The task
Skip every picture, and copy exactly the lines from the one containing "Garden View Inn Fresno Bagian luar foto" to the end of the data.

Provided data
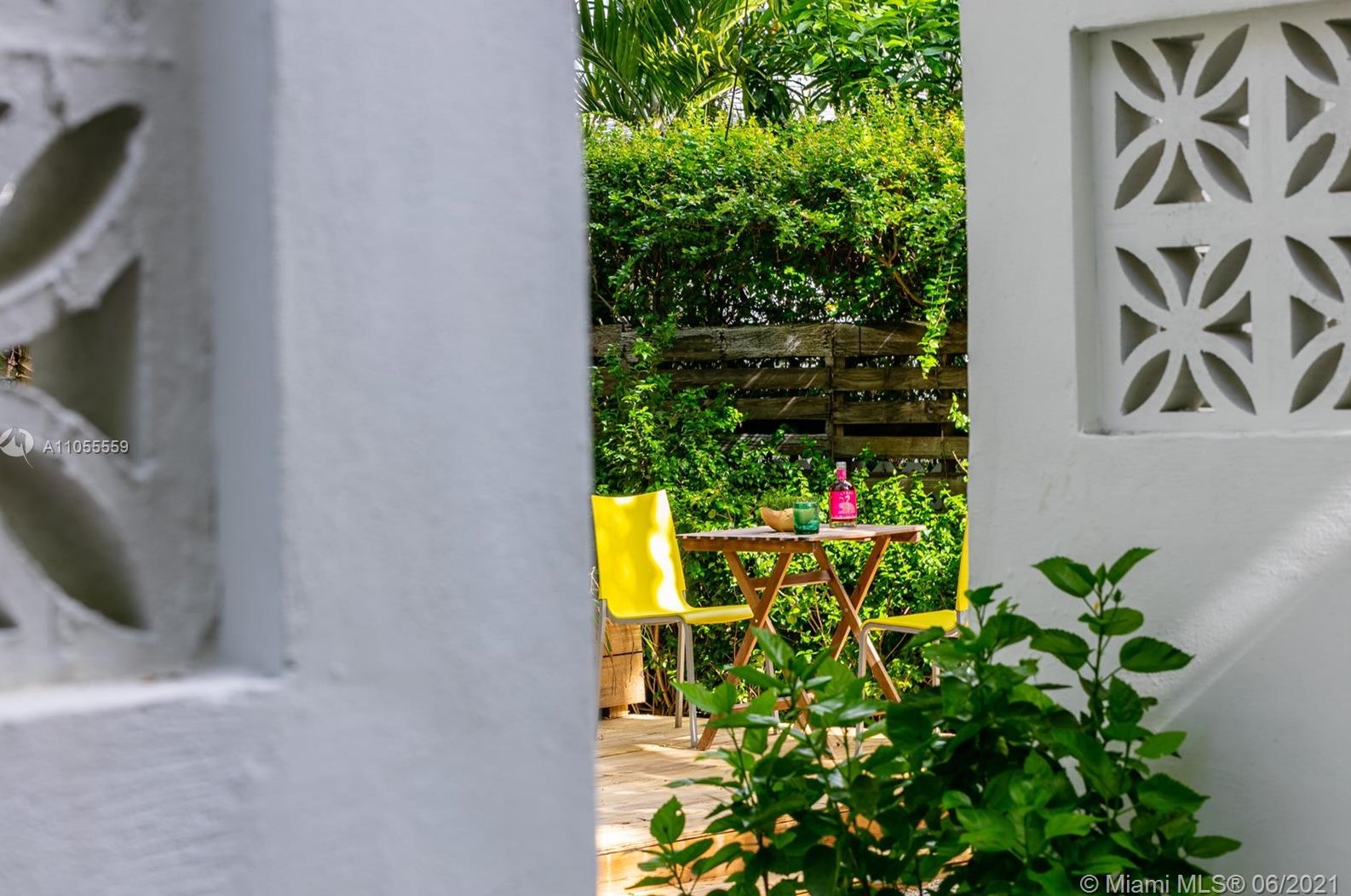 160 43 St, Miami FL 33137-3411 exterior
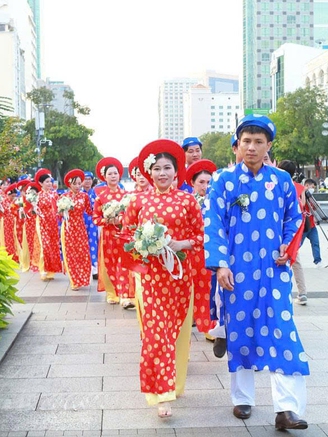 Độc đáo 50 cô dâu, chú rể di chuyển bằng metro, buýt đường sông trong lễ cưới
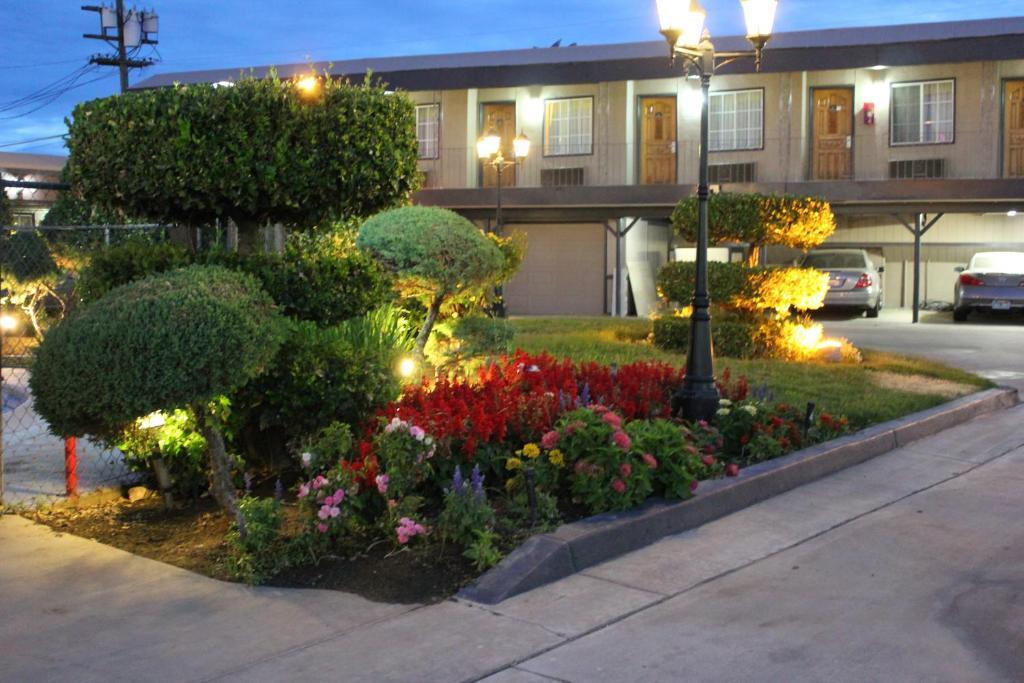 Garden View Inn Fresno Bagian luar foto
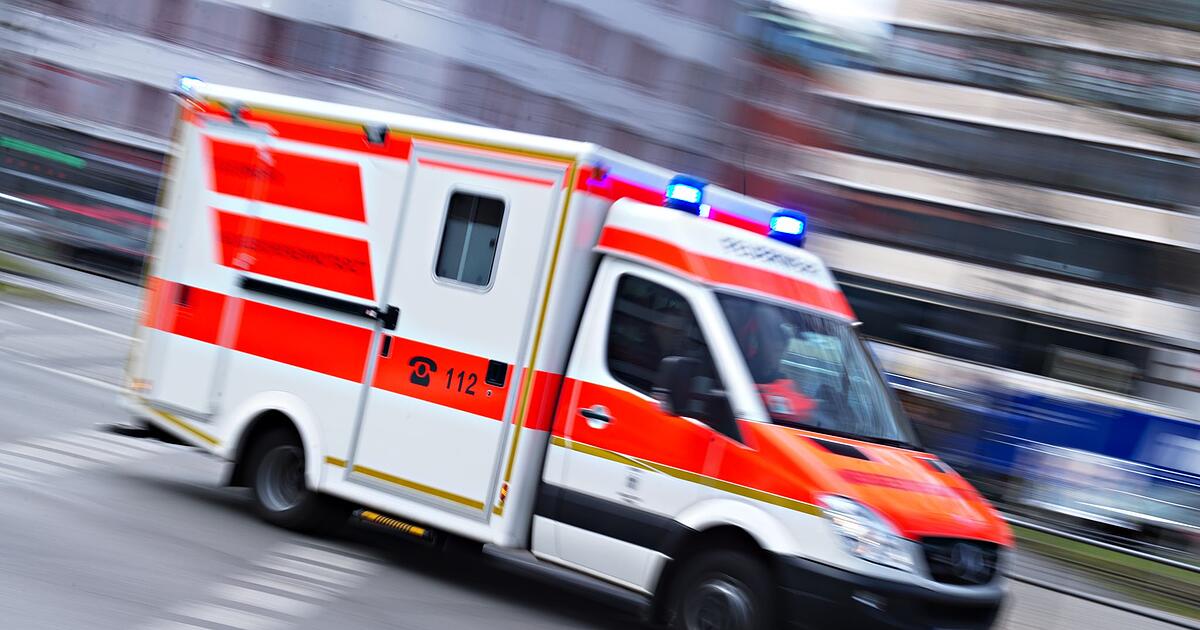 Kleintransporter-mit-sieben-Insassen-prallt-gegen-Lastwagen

Written answer
 Garden View Inn Fresno Bagian luar foto
 Kleintransporter-mit-sieben-Insassen-prallt-gegen-Lastwagen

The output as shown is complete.